_What the task requires_.
Repeat exactly, and only, the lines of the entries below from the one with "il mondo è stato individuato in" through the one with "Flow Cytometry Image", both ends included.

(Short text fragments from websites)
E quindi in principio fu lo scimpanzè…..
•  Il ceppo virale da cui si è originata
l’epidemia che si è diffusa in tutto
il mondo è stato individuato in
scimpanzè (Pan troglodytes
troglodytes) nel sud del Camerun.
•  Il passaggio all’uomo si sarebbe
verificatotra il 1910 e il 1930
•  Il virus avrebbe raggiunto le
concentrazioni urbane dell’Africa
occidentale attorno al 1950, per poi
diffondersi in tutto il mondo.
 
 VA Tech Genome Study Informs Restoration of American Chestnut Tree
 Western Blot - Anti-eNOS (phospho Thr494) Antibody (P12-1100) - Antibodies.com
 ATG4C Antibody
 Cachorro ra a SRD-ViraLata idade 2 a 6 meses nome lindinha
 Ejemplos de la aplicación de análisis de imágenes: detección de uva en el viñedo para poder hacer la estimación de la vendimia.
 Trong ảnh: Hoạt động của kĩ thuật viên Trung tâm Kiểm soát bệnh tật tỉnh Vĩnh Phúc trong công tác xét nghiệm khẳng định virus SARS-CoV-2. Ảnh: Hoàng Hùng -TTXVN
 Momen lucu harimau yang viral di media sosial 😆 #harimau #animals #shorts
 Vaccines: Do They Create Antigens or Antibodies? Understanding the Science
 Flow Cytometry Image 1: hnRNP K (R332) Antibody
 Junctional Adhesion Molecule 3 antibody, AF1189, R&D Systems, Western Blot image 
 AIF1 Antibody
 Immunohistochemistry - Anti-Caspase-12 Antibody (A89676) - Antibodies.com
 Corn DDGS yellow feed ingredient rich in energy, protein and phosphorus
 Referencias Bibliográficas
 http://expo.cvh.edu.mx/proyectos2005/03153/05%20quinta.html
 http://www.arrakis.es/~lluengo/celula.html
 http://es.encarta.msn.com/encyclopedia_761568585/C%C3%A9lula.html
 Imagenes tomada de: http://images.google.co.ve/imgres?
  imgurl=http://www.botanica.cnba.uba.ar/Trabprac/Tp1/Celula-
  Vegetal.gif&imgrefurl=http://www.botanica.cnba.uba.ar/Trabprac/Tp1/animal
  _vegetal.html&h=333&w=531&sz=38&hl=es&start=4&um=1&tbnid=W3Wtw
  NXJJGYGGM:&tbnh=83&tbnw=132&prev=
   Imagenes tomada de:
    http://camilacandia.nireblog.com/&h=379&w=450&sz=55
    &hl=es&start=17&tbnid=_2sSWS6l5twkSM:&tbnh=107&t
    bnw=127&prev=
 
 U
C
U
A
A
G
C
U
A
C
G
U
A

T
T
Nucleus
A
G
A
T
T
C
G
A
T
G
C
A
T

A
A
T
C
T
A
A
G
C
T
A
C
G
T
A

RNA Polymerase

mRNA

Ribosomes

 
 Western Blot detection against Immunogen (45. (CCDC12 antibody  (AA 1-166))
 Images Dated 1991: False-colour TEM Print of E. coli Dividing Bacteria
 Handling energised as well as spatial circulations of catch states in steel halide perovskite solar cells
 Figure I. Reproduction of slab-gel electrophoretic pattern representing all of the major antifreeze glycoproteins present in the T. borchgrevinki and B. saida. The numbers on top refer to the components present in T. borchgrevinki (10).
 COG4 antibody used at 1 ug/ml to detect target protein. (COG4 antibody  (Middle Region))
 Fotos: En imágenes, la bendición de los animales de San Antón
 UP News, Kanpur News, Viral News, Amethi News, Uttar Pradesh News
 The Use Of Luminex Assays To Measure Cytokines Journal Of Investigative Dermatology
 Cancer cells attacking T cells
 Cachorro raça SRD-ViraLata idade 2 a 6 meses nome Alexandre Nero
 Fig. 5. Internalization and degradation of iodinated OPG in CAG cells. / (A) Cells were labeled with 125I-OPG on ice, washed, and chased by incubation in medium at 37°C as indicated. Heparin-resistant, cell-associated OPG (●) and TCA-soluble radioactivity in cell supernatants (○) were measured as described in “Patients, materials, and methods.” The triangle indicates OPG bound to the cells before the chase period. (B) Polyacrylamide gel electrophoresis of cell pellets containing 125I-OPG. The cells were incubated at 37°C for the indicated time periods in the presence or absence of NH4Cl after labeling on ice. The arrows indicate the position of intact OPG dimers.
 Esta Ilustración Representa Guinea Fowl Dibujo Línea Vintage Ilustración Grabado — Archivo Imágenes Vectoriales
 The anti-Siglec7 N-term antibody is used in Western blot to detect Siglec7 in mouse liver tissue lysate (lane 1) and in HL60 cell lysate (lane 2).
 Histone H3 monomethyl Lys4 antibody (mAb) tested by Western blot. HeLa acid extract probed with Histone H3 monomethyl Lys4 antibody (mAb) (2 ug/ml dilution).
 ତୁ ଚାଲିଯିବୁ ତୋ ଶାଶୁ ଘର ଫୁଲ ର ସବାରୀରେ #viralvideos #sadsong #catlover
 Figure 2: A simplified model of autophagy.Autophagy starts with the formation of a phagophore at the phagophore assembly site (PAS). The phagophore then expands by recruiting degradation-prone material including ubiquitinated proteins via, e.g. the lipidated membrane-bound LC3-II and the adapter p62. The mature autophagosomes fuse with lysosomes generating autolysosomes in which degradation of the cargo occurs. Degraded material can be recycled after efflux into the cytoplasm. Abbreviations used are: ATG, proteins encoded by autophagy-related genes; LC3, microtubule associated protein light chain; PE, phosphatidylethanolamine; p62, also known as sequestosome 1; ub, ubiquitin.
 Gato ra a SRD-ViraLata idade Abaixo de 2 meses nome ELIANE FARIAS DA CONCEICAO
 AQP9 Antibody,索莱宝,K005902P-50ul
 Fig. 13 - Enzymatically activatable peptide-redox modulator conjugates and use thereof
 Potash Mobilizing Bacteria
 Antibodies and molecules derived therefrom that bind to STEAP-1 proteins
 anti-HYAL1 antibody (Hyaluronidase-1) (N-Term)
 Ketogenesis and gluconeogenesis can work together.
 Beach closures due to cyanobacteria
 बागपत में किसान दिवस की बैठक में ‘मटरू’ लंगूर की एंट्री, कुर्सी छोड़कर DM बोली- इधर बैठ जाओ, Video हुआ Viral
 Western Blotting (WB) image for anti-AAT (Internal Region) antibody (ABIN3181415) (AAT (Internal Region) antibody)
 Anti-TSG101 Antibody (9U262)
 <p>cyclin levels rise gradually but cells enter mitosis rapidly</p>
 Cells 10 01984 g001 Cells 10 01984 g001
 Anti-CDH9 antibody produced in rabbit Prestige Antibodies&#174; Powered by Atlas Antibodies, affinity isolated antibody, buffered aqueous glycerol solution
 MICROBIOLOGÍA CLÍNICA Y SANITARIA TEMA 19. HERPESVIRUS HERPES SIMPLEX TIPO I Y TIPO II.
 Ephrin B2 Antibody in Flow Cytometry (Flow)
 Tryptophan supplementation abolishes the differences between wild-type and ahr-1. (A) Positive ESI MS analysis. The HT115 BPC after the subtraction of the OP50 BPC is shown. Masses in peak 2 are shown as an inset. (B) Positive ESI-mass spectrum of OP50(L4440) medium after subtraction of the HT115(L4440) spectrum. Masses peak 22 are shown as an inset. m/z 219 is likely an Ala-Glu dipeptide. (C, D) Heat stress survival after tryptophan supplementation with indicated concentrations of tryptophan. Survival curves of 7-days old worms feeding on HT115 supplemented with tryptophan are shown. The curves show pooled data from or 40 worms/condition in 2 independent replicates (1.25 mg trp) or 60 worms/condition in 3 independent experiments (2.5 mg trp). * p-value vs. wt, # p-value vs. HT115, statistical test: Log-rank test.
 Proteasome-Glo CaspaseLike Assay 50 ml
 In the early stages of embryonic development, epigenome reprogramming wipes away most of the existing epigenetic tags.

_Result of the exercise_.
il mondo è stato individuato in
scimpanzè (Pan troglodytes
troglodytes) nel sud del Camerun.
•  Il passaggio all’uomo si sarebbe
verificatotra il 1910 e il 1930
•  Il virus avrebbe raggiunto le
concentrazioni urbane dell’Africa
occidentale attorno al 1950, per poi
diffondersi in tutto il mondo.
 
 VA Tech Genome Study Informs Restoration of American Chestnut Tree
 Western Blot - Anti-eNOS (phospho Thr494) Antibody (P12-1100) - Antibodies.com
 ATG4C Antibody
 Cachorro ra a SRD-ViraLata idade 2 a 6 meses nome lindinha
 Ejemplos de la aplicación de análisis de imágenes: detección de uva en el viñedo para poder hacer la estimación de la vendimia.
 Trong ảnh: Hoạt động của kĩ thuật viên Trung tâm Kiểm soát bệnh tật tỉnh Vĩnh Phúc trong công tác xét nghiệm khẳng định virus SARS-CoV-2. Ảnh: Hoàng Hùng -TTXVN
 Momen lucu harimau yang viral di media sosial 😆 #harimau #animals #shorts
 Vaccines: Do They Create Antigens or Antibodies? Understanding the Science
 Flow Cytometry Image 1: hnRNP K (R332) Antibody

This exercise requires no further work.